Comment 2 by js...@chromium.org, Sep 2 2008

I realize that being compatible to IE probably was intented, but that doesn't make it
the right thing to do automatically.

RFC2184 was obsoleted by RFC2231, and does *not* define the encoding IE (and Chrome)
support. Furthermore, that encoding is ambigious, because it's not clear when to
apply percent-unescaping, and when not to.

I do agree that the specifications are hard to find and not easy to read, but *this*
interpretation clearly is not supported by any reading of the specs. 

That being said, over in the IETF HTTPbis working group we're trying to clarify these
issues, and it would be great if you'd help us in doing so.

Again, note RFC2231 is just an update to RFC2184.

IE does not support RFC2184 -- what it does is something totally proprietary. Maybe
this becomes clearer if you go back to the specs, or to the test suite.



Comment 4 by js...@chromium.org, Sep 2 2008

I'm very glad that at long last  HTTPbis WG has begun to work on that. I'm more than 
willing to help you with this issue and implement what's come out of the discussion 
(as long as that reflects the current practice(s) of web servers in the wild). 
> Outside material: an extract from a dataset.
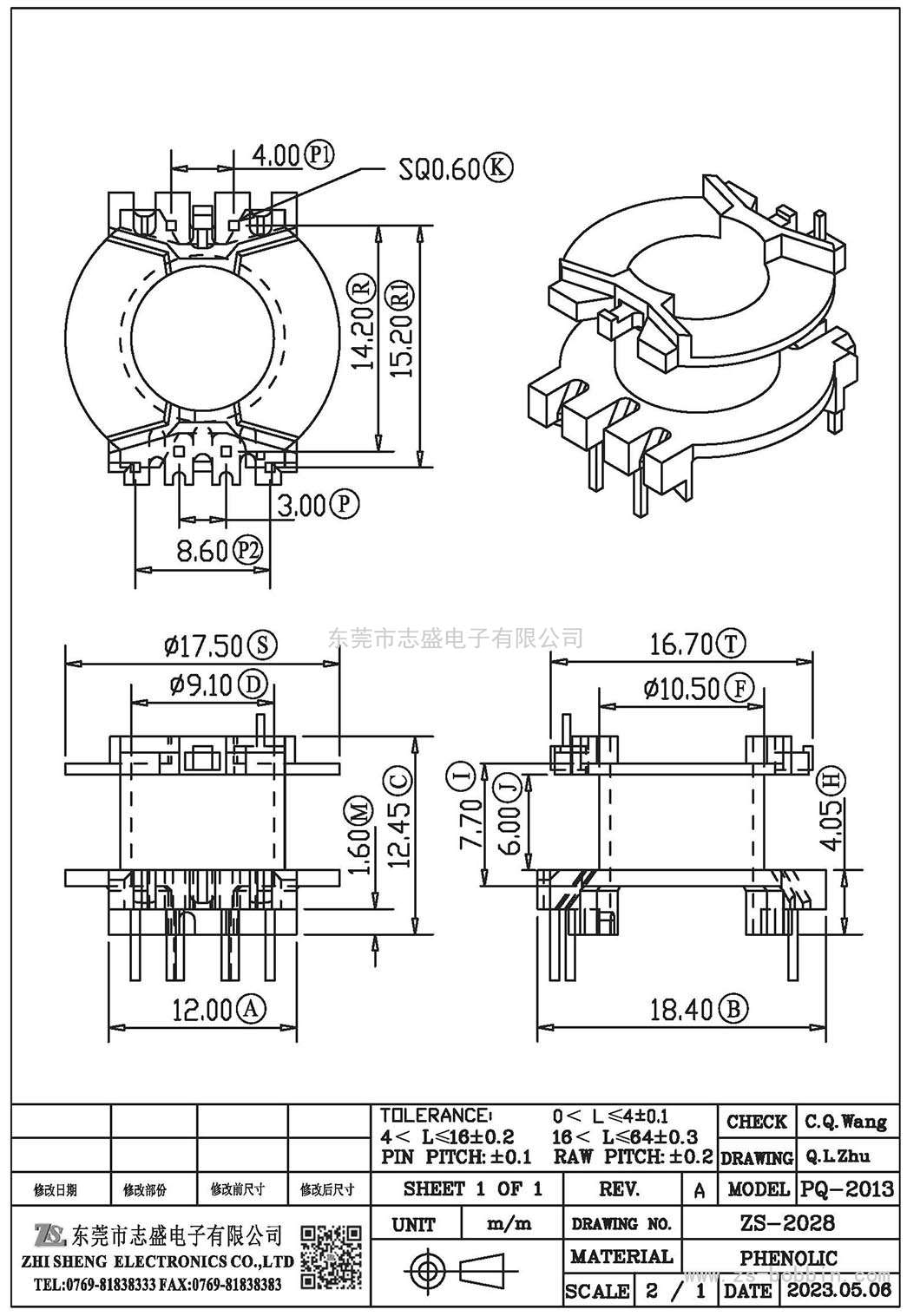 ZS-2028 立式PQ-2013(4+2+1)PIN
In the past, I sent a couple of emails to the HTTP WG  in the past (then not very 
active) to clarify the spec (at that time, I was all for RFC 2231) when I 
impelemented C-D handling for Firefox but have NOT  heard back.

I'm very well aware that RFC 2184 was obsoleted by RFC 2231, but HTTP has never 
clearly defined what to do with filename parameter in C-D header field. And, we 
cannot simply ignore what numerous web servers do  (you're right that it's not RFC 
2184 per se) out there until the spec is clearly in the place and is actually 
followed.  
 
As for the encoding, IE7 only supports %-escaped UTF-8 and so does Chrome. Given that 
some HTTP implementations (e.g. WinHTTP on Windows) are not so good with arbitrary 
bytes with MSB set (using raw UTF-8 -as is supported by Opera - is out of question), 
'%--escaped UTF-8' seems to be rather practical because 

1) it's simpler than RFC 2231 (note that even for emails, there are only handful of 
MUAs supporting RFC 2231 properly. Among them are Thunderbird, Mutt and Alpine). 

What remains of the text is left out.